This is an application for parsing Itinerum travel survey data into a more standard travel survey format, showing trips, activity locations, modes of travel and times of arrival/departure, etc.
- Clone or download the repo.
- Place your Itinerum output csv files in the imput directory
- The scripts require 2 input files: coordinates.csv, survey_reponses.csv (and eventually prompt_responses.csv)
- If your output/input file names do not match these then change them, or modify the corresponding names in config.py
- If you have ground truth data for generating quality metrics, place them in the outputs directory, titled episodes_ground_truth.csv and locations_ground_truth.csv respectively.
- You can also change the corresponding names in config.py for ground truth data.
- Ensure you have all the dependencies, which are identified below.
- In your shell of choice, run
python3 main.py
to generate episode and locations files in the output directory. - If you have ground truth data, you can run
python3 compare.py
to generate quality metrics. - Other settings can be modified in config.py at your discretion.
3 people (users A, B, and C) have generously contributed a week each of itinerum survey and classified ground truth data for testing. User D is simple a test case for error detection and not a real user.
For each user:
The basic idea in the cleaning phase to remove points not based on decent GPS data. Many points may be derived from cell-towers, wifi networks, etc.
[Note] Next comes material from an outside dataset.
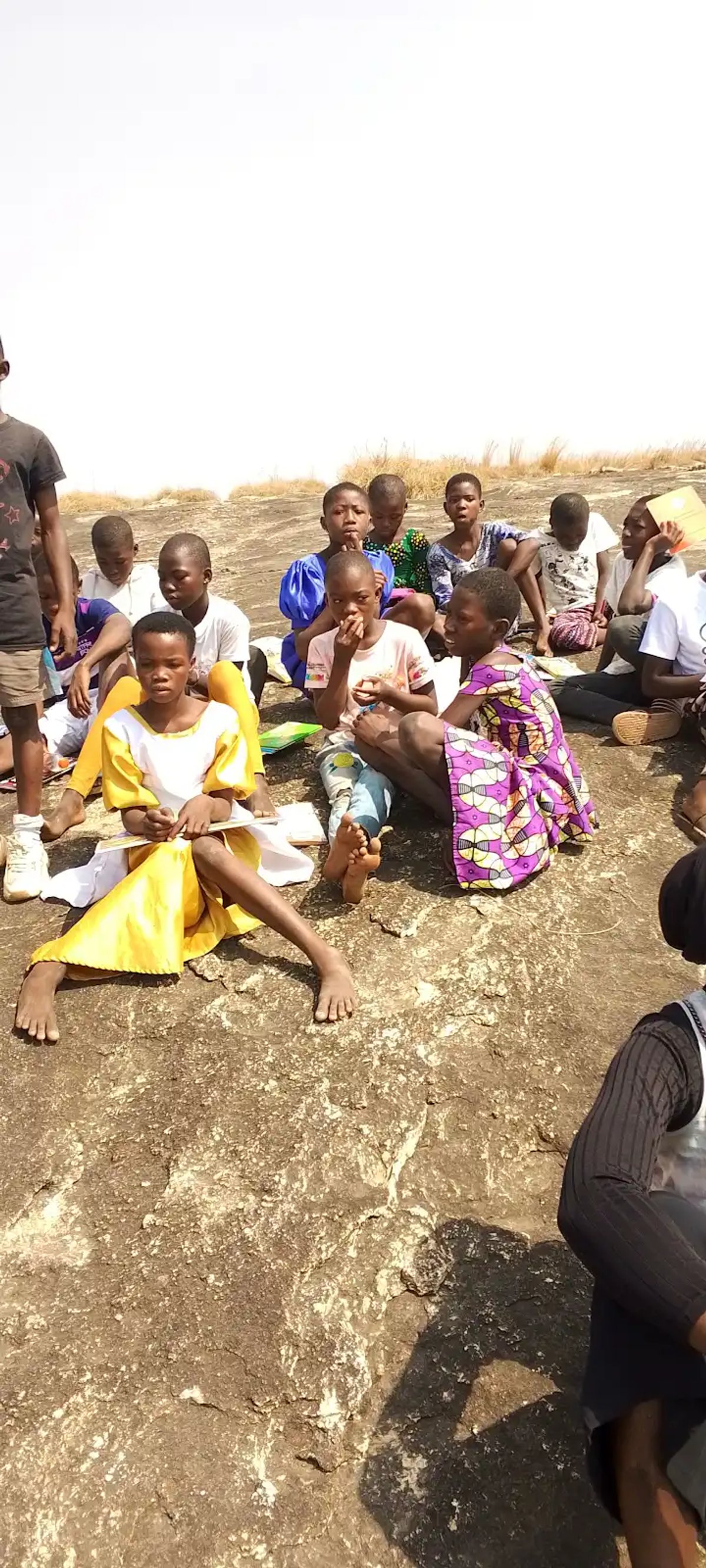 Children sitting on the surface of Uombo Rock with books, Upper West Region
The phone is a black box in this regard. Such points often repeat a location precisely, which is unlikely with a GPS reading or they may suddenly appear very far away from their temporal neighbors.
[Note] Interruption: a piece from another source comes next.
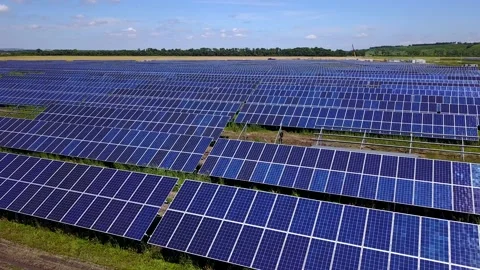 Solar panel farm generating electricity for national grid with a motion graphic Stock Footage 155778739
- Remove points with high known error (h_accuracy > x meters)
- Remove points at same location as temporal neighbors
- Any major jump away and back again, especially if the h_error doesn't justify the distance may indicate a non-GPS signal or a bad error estimate. Away-and-back-again points are identified by the minimum distance from neighboring points and the angle formed between the three.
- Repeat step 2
- More to come...
Data is segmented into lists of points where we feel confident that we haven't lost track of the user, e.g. through a powered-off phone. We refer to these as known segments and let the surrounding time be considered unknown. For the moment, this consists only of:
- Consider as unknown any time where the user moves more than 1 kilometer and two hours without reporting a location. Unless the start and end of that segment is within 200m of a subway tunnel.
- More to come...
This phase largely follows the method described by Thierry Chaix and Kestens. We essentially do a time-weighted KDE on the user's points, spatio-temporally linear-interpolated where necessary. The kernel density estimation is done in R (for lack of a decent Python package) and then brought back into Python.
- Calculate a KDE based on time weighted GPS points, interpolated as appropriate. GPS points are also used as points where the PDF is estimated. This saves the cost of estimating a grid of points over sparse GPS data.
- Estimate an "activity threshold" for that surface. i.e., how high would a peak in the KDE be if someone spent X seconds at a given location, given the known parameters of
- total time under the surface (sum of time weights)
- average GPS error for the user
- kernel bandwidth
- Points with a PDF estimate above the threshold are clustered into contiguous groups.
- The maximum PDF estimate from each cluster (the peak) will be taken as a potential activity location. (It's possible that it may make sense to use a polygonized version of the cluster as a definition of the activity location rather than a point from the peak. This is not implemented yet.)
The ultimate goal of this program is to create a travel-diary-like sequence of activities; this step is where that happens. Conceptually, time may be spent in only one of two (three) ways in this model: 1) travelling, 2) at an 'activity' (or 3 it may be classified as unknown). Framing the problem thus leads to a hidden Markov model approach to discrete activity sequence classification. Each observed GPS point can be assigned an emission probability associated with each location, based on distance between the two. Transition probabilities give strong preference to state continuity and disallow teleporting (activities without intermediating travel).
The Viterbi algorithm provides the most likely underlying classification of points, and these are used to map time to travel and activities.
Any stationary activities shorter than the configured time threshold are merged back into surrunding acivities.
Data is output in several files, some of which contain somewhat overlapping information.
The episodes file is the most esential output. It's in a sort of this happenend and then that happened format.
This file contains a list of potential activity locations, many of which will correspond to an entry in the episodes file. Locations not used will be marked as such.
This file summarizes the episodes file per calendar day. Since many people may stay up a little past midnight, but few go all the way around the clock, a calndar date is considered to go from 3am to 3am. Each episode type is counted and summed. E.g. How much time was spent at home today and how many trips were made? Eventually this will be made timezone aware; for now it s configured for a single configured time zone.
- Python 3
- Rpy2
- pyproj
- scipy
- editdistance
- osmium
- R 3.3+
- ks package
ks
Needs to be installed through R:
- ks package
install.packages('ks')